# Methods please for un-bowing a teak beam? (Correcting bowed timber)



## Graham3D (29 Jul 2021)

I have a 1960 danish sofa (teak I think) and the main front beam is bowed by about 3 cm over the 150cm length. It was stored in dampish garage for about 6 years.. The cross section is roughly an L shaped about 9cm x 5cm (Each part a maximum of 3cm thick). 

Looking at different methods, I would prefer not to plane or remake the piece as, ideally, it would be good to keep as much to the original as possible.

What other options would you recommend? Steaming & clamping? Heating & clamping? or something else?
or is this a lost cause?

(I am just looking for a picture, I might have to post it later when I get to the workshop)


----------



## TheTiddles (29 Jul 2021)

Sounds like it’s bent through use rather than storage, so if it’s not strong enough even if you can bend it back perfectly, the same problem will arise again.
So I’d bolt some box-section steel to the back of it or similar, dragging the wood back straight with it


----------



## Cabinetman (29 Jul 2021)

TheTiddles said:


> Sounds like it’s bent through use rather than storage, so if it’s not strong enough even if you can bend it back perfectly, the same problem will arise again.
> So I’d bolt some box-section steel to the back of it or similar, dragging the wood back straight with it


 Yes that’s exactly what I was just going to suggest except I was going to say angle iron


----------



## okeydokey (29 Jul 2021)

Leave it as it is! or consider putting an additional "leg" in the middle of the bow reaching to the floor


----------



## Graham3D (30 Jul 2021)

I went to photograph is yesterday and it has straightened out a lot just being in my workshop at room temperature for 4 years. It is still bowed but only by about 1cm in one axis and 6mm in the other. I was going to soak it but figured that could leave me in a worse mess. I think I will just repair the cross bean and hope it settles back in to shape.
It looks exactly like this one so it would be worth quite a lot if I can restore it to a reasonable condition. 
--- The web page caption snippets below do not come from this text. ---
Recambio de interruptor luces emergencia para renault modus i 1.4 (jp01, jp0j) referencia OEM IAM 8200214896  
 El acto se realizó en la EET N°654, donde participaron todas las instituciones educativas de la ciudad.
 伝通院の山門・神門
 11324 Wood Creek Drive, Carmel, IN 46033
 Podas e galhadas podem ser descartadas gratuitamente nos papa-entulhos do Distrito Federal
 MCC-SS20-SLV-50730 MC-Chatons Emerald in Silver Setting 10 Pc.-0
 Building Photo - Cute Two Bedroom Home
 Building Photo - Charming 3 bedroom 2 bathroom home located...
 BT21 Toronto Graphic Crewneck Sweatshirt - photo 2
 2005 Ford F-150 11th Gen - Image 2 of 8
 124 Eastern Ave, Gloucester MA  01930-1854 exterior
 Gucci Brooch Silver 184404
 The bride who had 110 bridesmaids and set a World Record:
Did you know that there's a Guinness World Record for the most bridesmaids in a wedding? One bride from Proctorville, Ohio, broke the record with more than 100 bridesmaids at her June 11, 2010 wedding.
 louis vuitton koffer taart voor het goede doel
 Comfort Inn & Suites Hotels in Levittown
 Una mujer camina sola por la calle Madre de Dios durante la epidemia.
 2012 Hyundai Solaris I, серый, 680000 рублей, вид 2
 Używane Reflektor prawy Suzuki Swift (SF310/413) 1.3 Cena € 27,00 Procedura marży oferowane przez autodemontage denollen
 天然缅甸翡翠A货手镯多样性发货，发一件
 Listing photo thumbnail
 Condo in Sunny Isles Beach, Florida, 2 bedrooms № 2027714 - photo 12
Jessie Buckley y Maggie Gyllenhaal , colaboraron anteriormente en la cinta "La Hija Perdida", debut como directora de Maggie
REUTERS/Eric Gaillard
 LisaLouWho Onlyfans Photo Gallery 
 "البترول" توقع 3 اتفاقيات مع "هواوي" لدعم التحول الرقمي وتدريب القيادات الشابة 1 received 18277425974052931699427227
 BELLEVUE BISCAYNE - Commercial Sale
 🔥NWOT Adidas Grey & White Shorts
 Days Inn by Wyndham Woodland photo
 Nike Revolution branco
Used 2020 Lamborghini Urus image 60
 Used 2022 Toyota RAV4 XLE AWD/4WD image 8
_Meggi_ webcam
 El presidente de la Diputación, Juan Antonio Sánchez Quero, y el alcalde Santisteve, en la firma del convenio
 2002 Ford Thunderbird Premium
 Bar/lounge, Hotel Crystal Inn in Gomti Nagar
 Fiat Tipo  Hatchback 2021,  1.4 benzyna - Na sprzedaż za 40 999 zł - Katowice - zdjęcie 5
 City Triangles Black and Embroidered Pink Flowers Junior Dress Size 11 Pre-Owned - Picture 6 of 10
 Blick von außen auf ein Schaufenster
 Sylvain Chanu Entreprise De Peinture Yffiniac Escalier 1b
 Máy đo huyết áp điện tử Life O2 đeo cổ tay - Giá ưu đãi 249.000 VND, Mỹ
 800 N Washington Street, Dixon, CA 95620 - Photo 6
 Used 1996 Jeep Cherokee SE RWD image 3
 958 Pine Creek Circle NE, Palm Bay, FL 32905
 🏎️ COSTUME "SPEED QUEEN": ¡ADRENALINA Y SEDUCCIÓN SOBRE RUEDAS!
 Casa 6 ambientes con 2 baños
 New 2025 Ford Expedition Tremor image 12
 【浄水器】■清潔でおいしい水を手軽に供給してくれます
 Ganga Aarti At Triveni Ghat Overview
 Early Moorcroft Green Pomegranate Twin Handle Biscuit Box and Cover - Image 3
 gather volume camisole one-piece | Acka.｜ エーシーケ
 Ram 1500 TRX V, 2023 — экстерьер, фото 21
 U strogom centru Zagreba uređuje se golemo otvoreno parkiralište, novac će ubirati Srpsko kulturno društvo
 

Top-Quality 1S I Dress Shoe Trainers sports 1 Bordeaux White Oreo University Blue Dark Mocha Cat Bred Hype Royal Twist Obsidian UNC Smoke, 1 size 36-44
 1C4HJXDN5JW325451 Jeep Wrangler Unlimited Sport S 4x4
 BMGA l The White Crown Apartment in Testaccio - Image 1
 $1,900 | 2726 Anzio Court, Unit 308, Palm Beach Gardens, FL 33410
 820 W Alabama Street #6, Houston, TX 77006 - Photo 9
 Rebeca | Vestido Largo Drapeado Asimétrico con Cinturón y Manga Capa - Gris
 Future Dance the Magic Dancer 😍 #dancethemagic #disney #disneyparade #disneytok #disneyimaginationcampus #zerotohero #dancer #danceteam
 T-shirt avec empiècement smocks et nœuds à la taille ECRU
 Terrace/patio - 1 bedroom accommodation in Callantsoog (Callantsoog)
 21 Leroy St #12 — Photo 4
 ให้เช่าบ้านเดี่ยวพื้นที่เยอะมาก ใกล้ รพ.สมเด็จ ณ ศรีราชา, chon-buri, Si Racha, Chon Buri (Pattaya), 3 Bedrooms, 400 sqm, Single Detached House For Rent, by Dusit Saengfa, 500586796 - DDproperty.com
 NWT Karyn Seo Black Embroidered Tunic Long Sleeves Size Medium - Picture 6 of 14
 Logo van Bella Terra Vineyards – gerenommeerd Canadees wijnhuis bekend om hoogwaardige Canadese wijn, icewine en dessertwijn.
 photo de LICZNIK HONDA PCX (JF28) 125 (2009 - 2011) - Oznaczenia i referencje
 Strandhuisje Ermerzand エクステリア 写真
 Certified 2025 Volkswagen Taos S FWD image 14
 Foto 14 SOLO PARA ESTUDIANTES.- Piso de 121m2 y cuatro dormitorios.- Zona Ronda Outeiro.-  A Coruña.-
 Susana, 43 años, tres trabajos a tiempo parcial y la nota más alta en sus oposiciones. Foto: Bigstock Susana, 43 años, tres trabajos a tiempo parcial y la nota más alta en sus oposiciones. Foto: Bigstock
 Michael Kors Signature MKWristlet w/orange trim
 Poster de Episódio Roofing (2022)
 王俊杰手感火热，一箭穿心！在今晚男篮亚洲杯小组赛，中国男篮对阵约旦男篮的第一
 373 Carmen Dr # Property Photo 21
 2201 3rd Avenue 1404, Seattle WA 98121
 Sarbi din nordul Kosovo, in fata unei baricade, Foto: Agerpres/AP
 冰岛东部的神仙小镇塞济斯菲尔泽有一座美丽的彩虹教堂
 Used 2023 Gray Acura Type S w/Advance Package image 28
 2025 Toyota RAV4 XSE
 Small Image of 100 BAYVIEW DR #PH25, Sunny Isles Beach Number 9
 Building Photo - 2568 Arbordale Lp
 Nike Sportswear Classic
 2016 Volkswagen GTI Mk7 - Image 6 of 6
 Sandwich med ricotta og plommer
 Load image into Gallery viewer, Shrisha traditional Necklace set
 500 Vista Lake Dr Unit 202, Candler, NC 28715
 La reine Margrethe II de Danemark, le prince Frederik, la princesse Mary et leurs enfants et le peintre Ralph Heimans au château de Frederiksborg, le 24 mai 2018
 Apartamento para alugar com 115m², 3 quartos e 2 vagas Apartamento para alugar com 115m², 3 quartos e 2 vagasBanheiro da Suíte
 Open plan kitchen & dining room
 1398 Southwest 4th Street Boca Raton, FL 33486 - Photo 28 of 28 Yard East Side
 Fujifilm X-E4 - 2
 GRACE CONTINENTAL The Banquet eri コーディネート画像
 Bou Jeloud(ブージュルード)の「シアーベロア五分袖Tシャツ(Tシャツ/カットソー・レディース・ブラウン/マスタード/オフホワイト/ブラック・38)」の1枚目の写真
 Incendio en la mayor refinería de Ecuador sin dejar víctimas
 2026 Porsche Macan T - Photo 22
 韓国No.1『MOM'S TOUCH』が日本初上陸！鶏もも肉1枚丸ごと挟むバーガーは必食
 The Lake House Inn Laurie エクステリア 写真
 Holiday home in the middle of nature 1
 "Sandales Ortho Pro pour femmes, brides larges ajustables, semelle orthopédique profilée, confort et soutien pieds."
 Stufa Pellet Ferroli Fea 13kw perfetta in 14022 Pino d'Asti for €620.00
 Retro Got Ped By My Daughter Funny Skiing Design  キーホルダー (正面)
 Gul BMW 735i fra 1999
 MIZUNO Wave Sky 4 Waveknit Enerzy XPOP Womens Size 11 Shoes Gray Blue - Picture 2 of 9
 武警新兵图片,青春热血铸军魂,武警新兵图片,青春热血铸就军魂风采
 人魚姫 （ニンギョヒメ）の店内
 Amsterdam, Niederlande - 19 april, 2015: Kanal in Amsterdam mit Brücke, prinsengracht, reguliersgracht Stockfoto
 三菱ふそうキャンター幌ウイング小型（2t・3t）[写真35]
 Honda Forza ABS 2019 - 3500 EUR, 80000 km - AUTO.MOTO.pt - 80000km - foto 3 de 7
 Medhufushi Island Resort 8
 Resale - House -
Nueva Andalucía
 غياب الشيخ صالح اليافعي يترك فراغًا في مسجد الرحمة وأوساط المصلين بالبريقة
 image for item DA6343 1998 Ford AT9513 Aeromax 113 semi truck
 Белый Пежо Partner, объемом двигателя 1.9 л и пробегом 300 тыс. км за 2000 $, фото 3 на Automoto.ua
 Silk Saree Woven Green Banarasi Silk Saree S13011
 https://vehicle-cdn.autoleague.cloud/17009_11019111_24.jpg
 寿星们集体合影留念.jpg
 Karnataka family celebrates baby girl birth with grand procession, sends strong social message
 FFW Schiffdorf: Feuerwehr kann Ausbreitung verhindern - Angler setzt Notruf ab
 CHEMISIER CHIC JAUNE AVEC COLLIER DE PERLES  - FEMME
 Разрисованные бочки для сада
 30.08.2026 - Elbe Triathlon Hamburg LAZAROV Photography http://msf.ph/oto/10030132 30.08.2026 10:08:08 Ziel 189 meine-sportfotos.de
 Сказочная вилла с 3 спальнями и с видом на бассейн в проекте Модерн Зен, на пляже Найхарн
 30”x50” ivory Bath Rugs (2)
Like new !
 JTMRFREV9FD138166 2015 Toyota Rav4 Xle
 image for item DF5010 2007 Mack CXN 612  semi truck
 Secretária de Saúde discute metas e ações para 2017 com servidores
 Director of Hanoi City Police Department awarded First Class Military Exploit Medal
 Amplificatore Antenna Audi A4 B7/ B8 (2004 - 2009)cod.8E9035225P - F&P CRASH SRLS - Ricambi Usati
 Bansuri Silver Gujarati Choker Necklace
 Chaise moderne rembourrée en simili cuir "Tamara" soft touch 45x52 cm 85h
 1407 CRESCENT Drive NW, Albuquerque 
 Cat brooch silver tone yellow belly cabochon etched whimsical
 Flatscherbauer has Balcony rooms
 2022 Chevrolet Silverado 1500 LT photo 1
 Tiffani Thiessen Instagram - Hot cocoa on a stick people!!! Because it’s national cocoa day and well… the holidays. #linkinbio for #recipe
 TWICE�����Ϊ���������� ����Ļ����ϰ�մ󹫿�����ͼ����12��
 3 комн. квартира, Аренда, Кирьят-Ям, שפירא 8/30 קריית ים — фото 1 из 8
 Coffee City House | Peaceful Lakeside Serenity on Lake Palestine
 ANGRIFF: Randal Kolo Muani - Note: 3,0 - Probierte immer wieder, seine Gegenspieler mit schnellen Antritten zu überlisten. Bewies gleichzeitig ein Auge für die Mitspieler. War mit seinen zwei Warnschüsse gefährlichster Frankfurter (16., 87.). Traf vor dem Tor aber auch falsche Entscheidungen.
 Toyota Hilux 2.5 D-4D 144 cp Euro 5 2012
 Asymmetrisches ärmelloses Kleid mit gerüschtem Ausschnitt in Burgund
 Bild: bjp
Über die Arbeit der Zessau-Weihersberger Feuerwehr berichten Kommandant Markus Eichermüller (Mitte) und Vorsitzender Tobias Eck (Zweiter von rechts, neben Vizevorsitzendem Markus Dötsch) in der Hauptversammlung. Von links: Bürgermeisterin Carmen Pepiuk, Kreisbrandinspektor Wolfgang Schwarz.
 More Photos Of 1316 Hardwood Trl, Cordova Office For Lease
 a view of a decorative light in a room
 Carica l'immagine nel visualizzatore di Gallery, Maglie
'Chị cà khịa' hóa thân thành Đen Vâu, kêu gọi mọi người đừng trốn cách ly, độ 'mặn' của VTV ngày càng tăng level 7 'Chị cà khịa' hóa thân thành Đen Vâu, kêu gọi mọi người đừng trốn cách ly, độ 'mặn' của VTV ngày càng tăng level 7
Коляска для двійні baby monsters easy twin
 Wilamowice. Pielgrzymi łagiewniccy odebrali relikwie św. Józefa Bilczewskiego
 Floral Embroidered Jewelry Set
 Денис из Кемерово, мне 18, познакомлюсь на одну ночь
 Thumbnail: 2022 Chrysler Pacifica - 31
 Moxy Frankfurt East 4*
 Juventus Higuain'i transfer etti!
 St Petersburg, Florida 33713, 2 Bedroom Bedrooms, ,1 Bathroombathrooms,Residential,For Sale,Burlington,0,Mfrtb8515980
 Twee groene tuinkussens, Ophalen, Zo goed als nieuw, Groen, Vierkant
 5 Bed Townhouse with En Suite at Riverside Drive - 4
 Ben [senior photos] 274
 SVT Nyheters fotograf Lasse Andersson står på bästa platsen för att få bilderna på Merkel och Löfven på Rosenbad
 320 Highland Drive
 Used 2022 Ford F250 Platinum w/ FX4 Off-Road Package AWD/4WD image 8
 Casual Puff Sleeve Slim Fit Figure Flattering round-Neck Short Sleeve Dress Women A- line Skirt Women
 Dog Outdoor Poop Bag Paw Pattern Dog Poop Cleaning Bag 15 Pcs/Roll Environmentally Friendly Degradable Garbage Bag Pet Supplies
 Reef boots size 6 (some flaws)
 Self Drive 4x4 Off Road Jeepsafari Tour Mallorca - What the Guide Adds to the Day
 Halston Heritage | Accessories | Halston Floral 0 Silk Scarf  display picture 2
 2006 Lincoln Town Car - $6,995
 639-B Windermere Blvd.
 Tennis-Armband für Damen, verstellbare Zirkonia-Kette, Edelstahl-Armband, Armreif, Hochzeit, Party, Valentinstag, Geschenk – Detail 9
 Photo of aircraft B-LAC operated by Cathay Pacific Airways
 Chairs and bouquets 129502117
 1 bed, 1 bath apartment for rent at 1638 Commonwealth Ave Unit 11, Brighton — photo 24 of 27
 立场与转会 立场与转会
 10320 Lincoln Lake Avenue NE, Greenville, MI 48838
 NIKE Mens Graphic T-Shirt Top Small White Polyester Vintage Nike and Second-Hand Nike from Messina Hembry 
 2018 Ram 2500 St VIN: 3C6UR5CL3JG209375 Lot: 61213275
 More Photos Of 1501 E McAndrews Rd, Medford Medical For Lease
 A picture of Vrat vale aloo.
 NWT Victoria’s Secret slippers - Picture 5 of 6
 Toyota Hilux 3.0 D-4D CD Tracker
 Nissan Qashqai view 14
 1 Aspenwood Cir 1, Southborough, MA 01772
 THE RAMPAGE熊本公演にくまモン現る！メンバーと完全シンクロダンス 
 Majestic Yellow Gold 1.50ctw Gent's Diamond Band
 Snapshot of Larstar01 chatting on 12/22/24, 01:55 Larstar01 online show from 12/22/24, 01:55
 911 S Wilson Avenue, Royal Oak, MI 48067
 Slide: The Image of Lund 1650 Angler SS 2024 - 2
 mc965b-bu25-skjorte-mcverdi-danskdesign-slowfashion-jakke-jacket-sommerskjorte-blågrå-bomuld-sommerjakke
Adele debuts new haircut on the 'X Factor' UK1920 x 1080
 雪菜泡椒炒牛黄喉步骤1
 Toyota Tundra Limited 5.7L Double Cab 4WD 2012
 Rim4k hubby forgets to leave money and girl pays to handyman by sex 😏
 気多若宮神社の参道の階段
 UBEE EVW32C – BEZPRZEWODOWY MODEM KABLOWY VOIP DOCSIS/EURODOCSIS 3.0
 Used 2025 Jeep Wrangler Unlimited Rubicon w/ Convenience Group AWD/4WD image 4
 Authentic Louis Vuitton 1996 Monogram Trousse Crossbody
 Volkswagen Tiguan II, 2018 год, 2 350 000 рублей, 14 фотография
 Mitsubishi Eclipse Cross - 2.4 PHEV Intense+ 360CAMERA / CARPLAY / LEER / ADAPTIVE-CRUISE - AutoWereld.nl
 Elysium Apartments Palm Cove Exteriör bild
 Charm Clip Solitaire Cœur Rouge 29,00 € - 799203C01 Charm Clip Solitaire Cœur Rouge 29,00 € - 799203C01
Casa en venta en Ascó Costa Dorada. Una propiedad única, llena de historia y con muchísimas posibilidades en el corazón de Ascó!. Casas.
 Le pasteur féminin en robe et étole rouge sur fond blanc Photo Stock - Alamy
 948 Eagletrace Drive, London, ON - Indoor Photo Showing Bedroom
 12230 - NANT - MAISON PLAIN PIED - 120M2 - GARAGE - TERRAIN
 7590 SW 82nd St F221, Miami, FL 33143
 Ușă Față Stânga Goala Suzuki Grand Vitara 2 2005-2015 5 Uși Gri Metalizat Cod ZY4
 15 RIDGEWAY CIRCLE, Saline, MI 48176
Peter Hvidt + Orla Mølgaard- Nielsen Fd45 Teak + Cane Loveseat For Sale at 1stDibs


For Sale on 1stDibs - Origin: Danish Designer: Peter Hvidt & Orla Mølgaard-Nielsen Manufacturer: France & Daverkosen Era: 1960s Materials: Teak, wool Measurements: 64.5? wide




www.1stdibs.co.uk


----------



## Stevekane (30 Jul 2021)

Its not supposed to be like that is it?


----------



## Stevekane (30 Jul 2021)

Posted in error,,,


----------